* Records
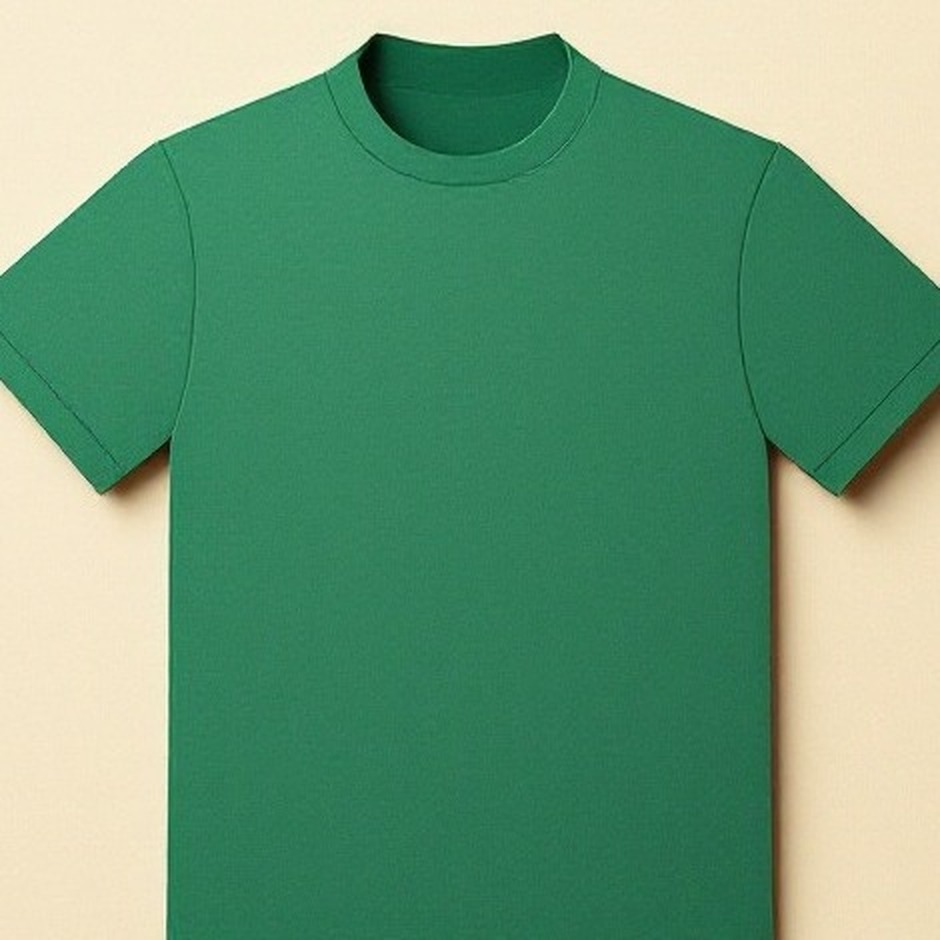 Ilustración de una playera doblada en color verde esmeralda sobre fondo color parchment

* * *

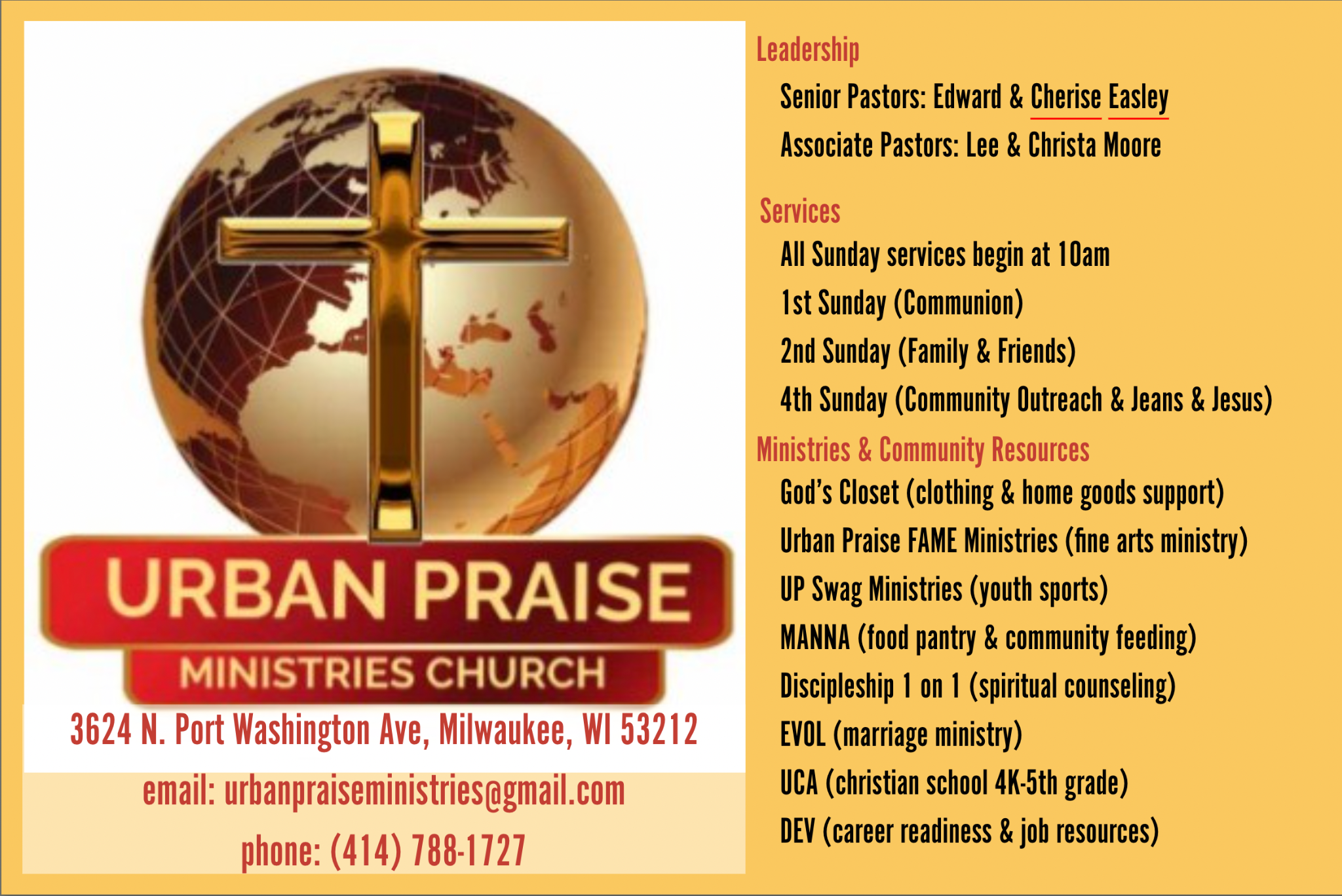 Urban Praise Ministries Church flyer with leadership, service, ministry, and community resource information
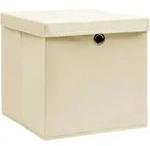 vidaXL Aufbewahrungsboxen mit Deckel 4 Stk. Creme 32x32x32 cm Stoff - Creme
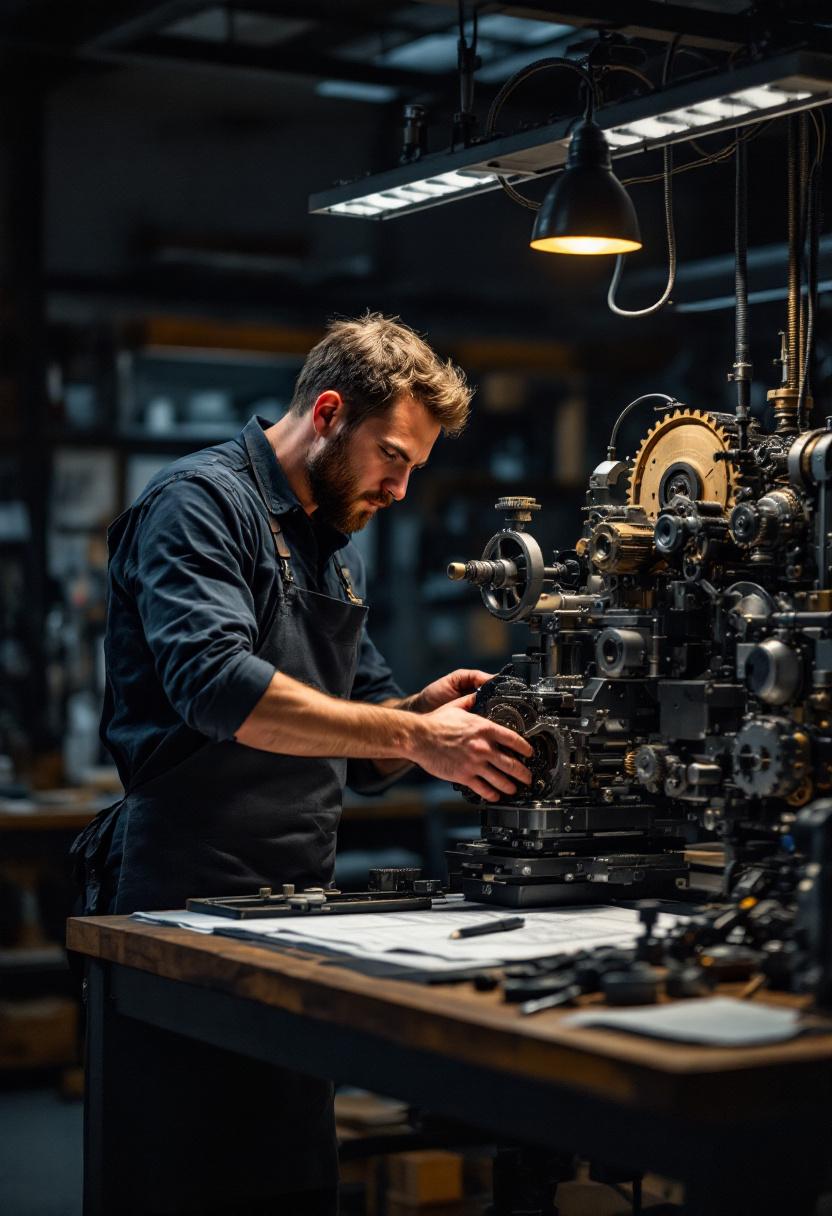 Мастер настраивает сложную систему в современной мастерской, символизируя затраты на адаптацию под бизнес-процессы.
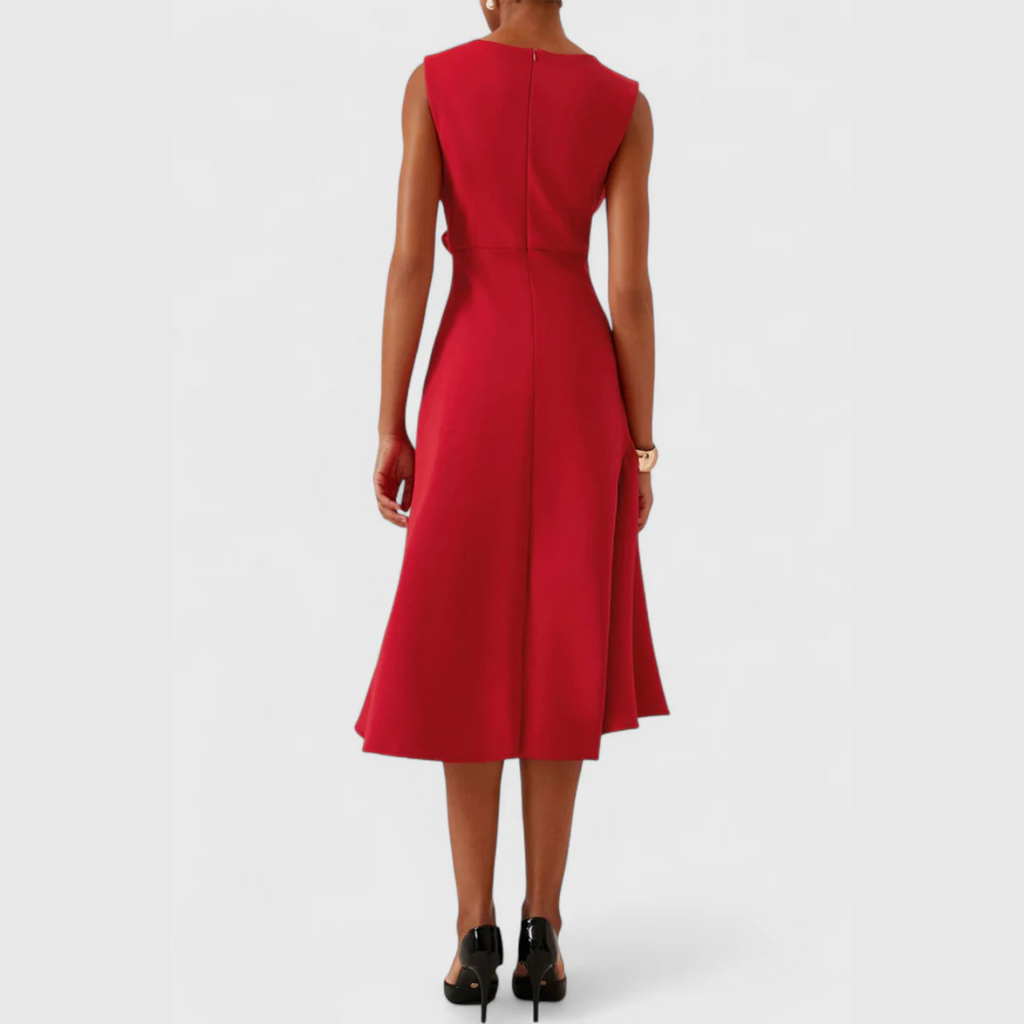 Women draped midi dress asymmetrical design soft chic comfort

* * *

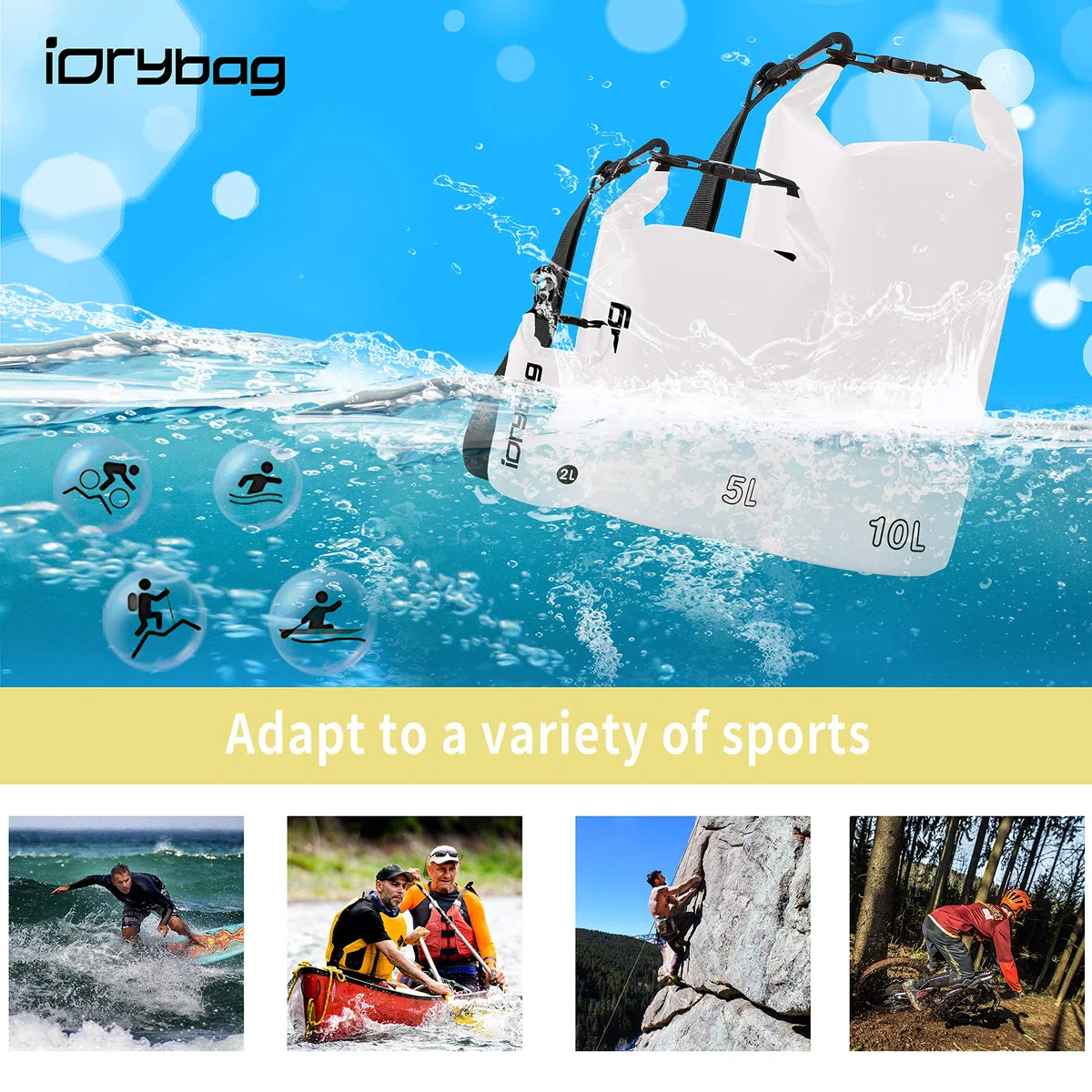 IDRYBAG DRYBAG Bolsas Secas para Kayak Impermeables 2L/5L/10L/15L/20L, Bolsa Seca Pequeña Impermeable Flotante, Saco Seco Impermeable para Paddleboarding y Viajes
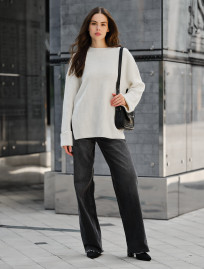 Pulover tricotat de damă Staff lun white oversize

* Action item
Everything above from the line containing "Мастер настраивает сложную" down to the line containing "Women draped midi" is to be duplicated exactly, both lines included, and the pictures are to be omitted.

* Response to this task
 Мастер настраивает сложную систему в современной мастерской, символизируя затраты на адаптацию под бизнес-процессы.
 Women draped midi dress asymmetrical design soft chic comfort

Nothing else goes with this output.